##### Source data #####
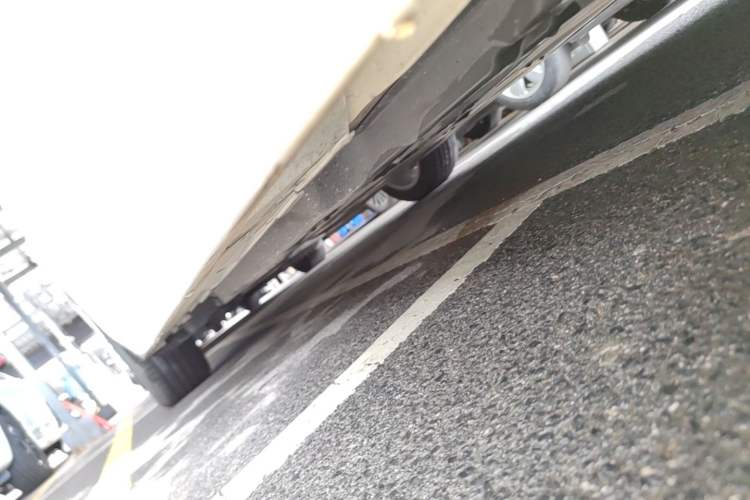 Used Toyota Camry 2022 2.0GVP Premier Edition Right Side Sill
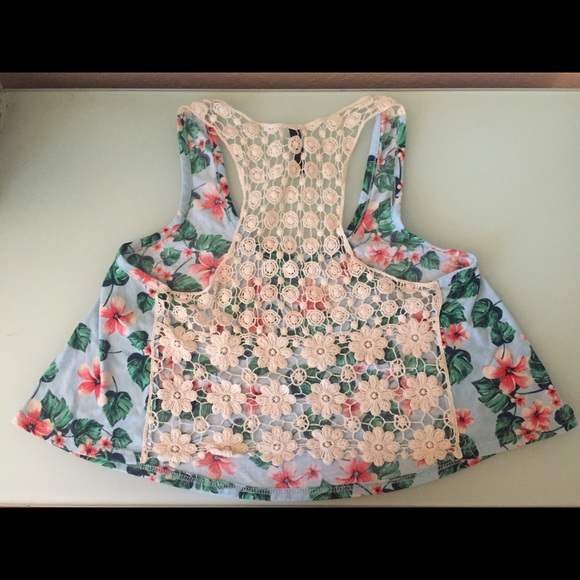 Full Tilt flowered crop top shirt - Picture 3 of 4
#####
##### Source data #####
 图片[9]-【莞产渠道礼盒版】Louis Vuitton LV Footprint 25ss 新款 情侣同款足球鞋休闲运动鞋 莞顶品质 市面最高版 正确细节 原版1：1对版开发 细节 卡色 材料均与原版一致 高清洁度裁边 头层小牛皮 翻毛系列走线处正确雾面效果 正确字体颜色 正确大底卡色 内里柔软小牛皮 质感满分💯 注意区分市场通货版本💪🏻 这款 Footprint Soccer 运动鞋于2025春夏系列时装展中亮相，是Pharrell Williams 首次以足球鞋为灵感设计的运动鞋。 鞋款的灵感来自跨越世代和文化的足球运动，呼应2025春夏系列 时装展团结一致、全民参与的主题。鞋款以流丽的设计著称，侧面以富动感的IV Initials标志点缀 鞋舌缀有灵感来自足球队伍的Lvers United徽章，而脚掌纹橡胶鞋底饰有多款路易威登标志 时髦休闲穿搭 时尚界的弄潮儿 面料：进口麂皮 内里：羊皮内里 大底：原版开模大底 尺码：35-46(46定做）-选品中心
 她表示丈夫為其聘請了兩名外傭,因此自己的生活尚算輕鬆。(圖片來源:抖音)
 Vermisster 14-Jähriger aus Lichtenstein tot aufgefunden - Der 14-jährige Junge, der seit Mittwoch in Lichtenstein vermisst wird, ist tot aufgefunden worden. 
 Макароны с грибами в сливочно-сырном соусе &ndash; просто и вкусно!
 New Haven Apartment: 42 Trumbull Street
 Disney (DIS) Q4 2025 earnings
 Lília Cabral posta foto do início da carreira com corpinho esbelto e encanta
#####
▸ **Problem requirements**
Please output exactly the lines between the one holding "Макароны с грибами" and the one holding "Lília Cabral posta" in the records above, inclusive, and nothing more.

▸ **Exercise output**
 Макароны с грибами в сливочно-сырном соусе &ndash; просто и вкусно!
 New Haven Apartment: 42 Trumbull Street
 Disney (DIS) Q4 2025 earnings
 Lília Cabral posta foto do início da carreira com corpinho esbelto e encanta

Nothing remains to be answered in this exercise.